L'art. 13, comma 6, L. 31/12/2012 n. 247 successivamente ha previsto: “I parametri indicati nel decreto emanato dal Ministro della giustizia, su proposta del CNF, ogni due anni, ai sensi dell'articolo 1, comma 3, si applicano…in caso di liquidazione giudiziale dei compensi”.

Tale norma è stata attuata in ordine cronologico:

  • dal D.M. 10/3/2014 n. 55;
  • dalD.M. 8/3/2018 n. 37.

Le disposizioni di entrambi i decreti si applicano, per espressa previsione normativa, alle liquidazioni successive alla loro entrata in vigore (art. 23 D.M. 10/3/2014 n. 55 e art. 6 D.M. 8/3/2018 n. 37).
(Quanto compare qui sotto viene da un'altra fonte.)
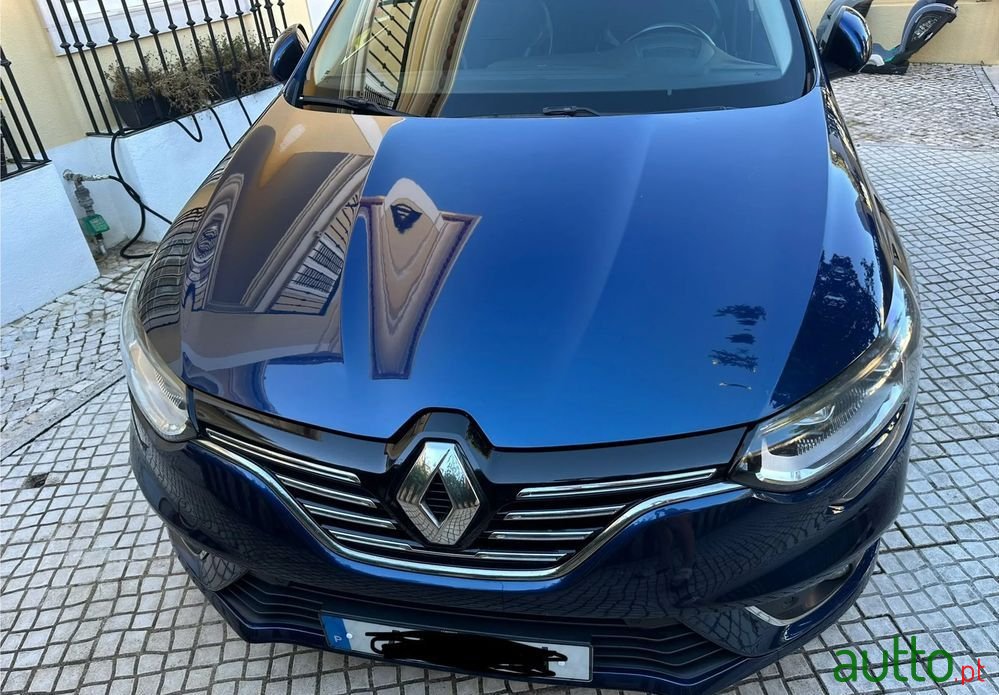 2016' Renault Mégane Sport Tourer photo #2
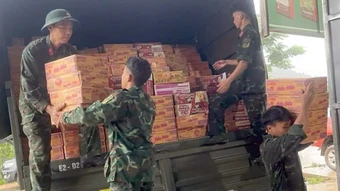 Hướng về tâm lũ Mường Than
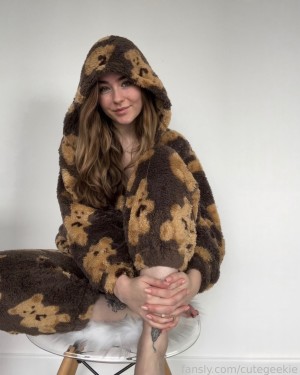 Cutegeekie Photo #371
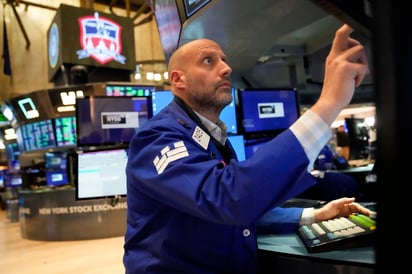 Al cierre de las operaciones en la Bolsa de Nueva York, el Dow Jones se situó en 37,441 puntos. El selectivo S&P 500 bajó un 0.34 %, hasta 4,689 unidades. (ARCHIVO)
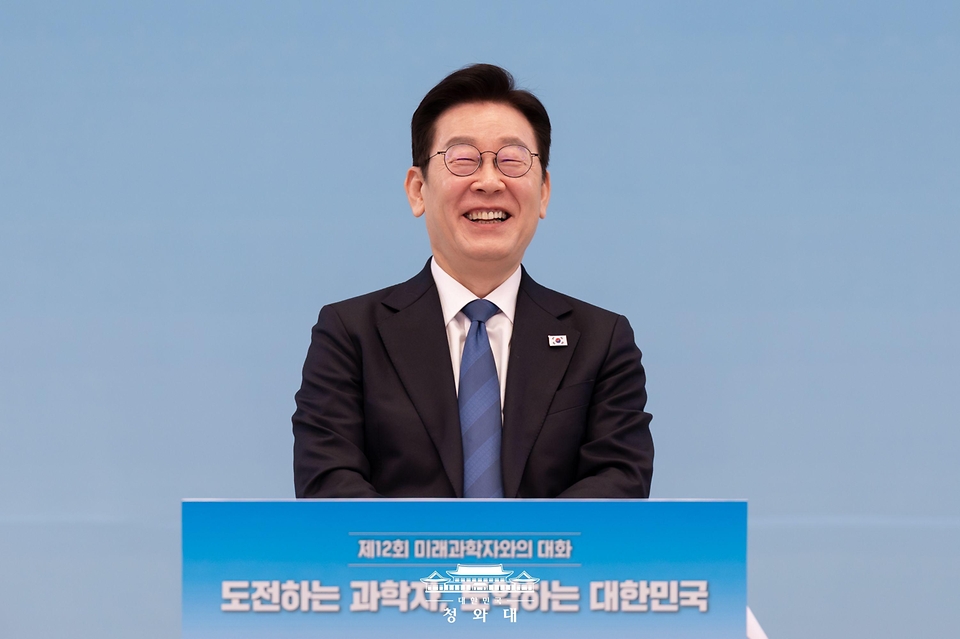 이재명 대통령이 2월 5일 청와대에서 열린 대통령과학장학생·올림피아드 대표단 친수 및 간담회(미래 과학자와의 대화)에서 환하게 웃고 있다.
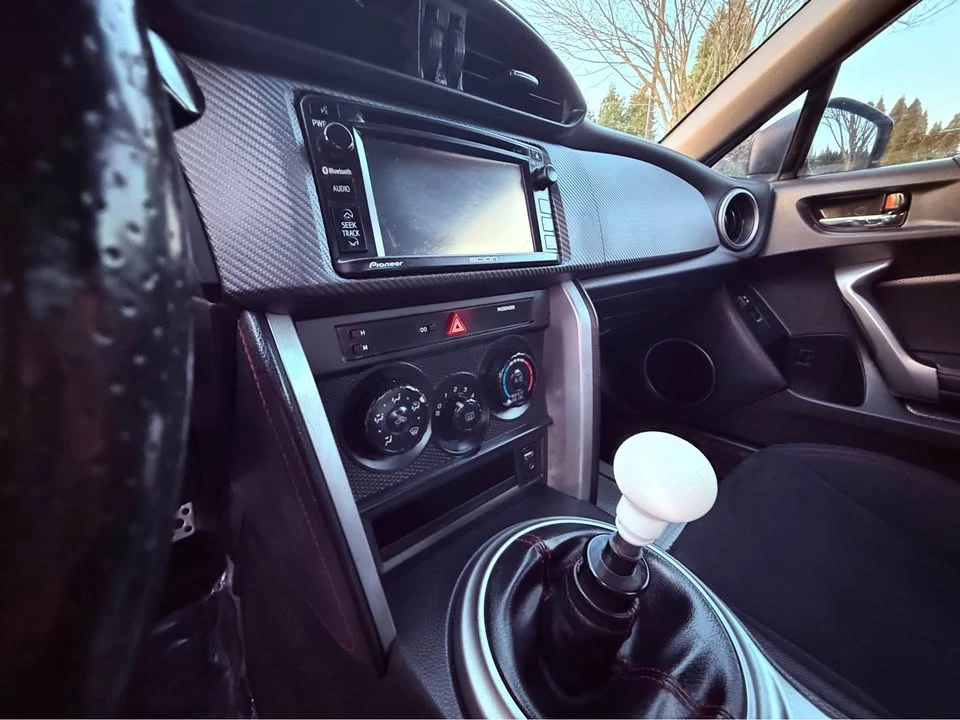 2015 Scion FR-S - Image 10 of 15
E' ius receptum, infatti, che “i nuovi parametri siano da applicare ogni qual volta la liquidazione giudiziale intervenga in un momento successivo alla data di entrata in vigore del…decreto e si riferisca al compenso spettante ad un professionista che, a quella data, non abbia ancora completato la propria prestazione professionale, ancorché tale prestazione abbia avuto inizio e si sia in parte svolta in epoca precedente, quando ancora erano in vigore le tariffe professionali abrogate” atteso che “il compenso evoca la nozione di un corrispettivo unitario, che ha riguardo all'opera professionale complessivamente prestata” (Sez. Un. 12/10/2012 n. 17405 che ha affermato il principio in relazione ai precedenti parametri professionali di cui al D.M. 20/7/2012 n. 140 ed alla disposizione temporale dell'art. 41; conf., in relazione ai vigenti parametri professionali, Cass. 29/7/2021 n. 21798; Cass. 23/6/2021 n. 18003; Cass. 15/4/2021 n. 9938).
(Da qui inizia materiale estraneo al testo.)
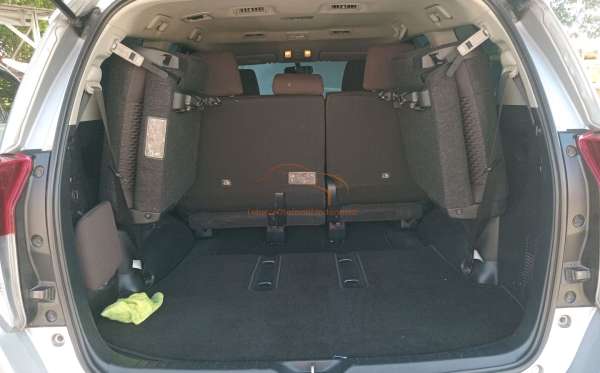 TOYOTA INNOVA G DIESEL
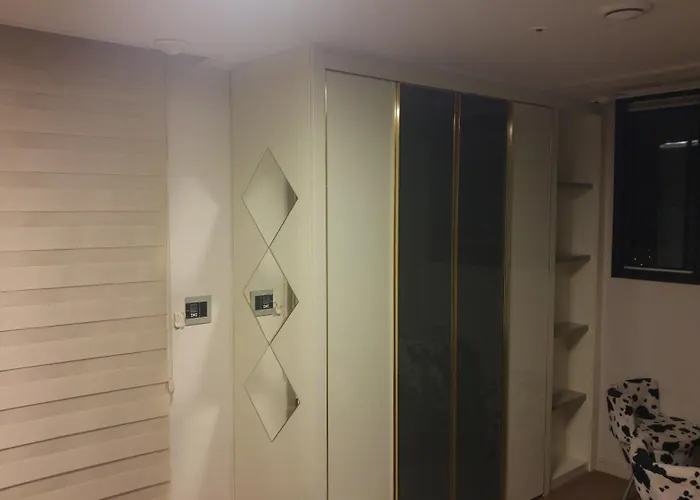 Dynamic Guest house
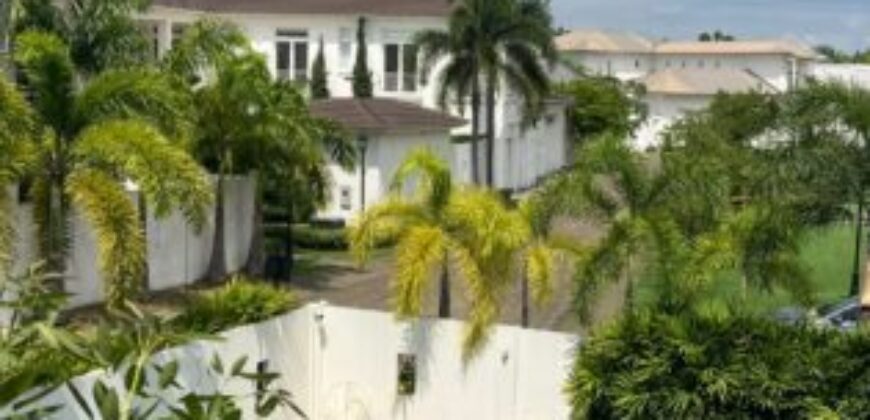 Exclusiva y Elegante Casa 4 Dorm. en Venta en Samborondón, Lagos de Batan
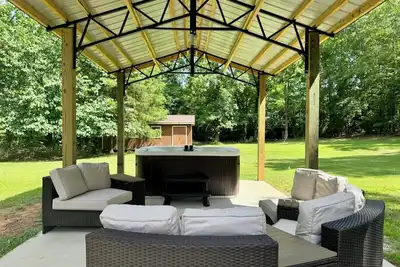 Image de 4 Bedroom Retreat w/ Hot Tub on Private Acre of Wooded Land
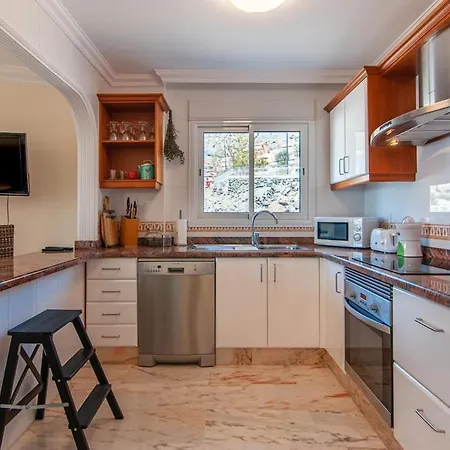 Luxury 2-bedroom Ocean View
L'art. 4, comma 1, terzo e quarto alinea D.M. 10/3/2014 n. 55, nel testo in vigore prima della modifica attuata con il D.M. 8/3/2018 n. 37, dispone(va): “Il giudice tiene conto dei valori medi di cui alle tabelle allegate, che, in applicazione dei parametri generali, possono essere aumentati, di regola, fino all'80 per cento, o diminuiti fino al 50 per cento. Per la fase istruttoria l'aumento è di regola fino al 100 per cento e la diminuzione di regola fino al 70 per cento”.

La Suprema Corte di Cassazione, nella vigenza di tale norma, ha ritenuto che il giudice può derogare ai minimi con apposita motivazione.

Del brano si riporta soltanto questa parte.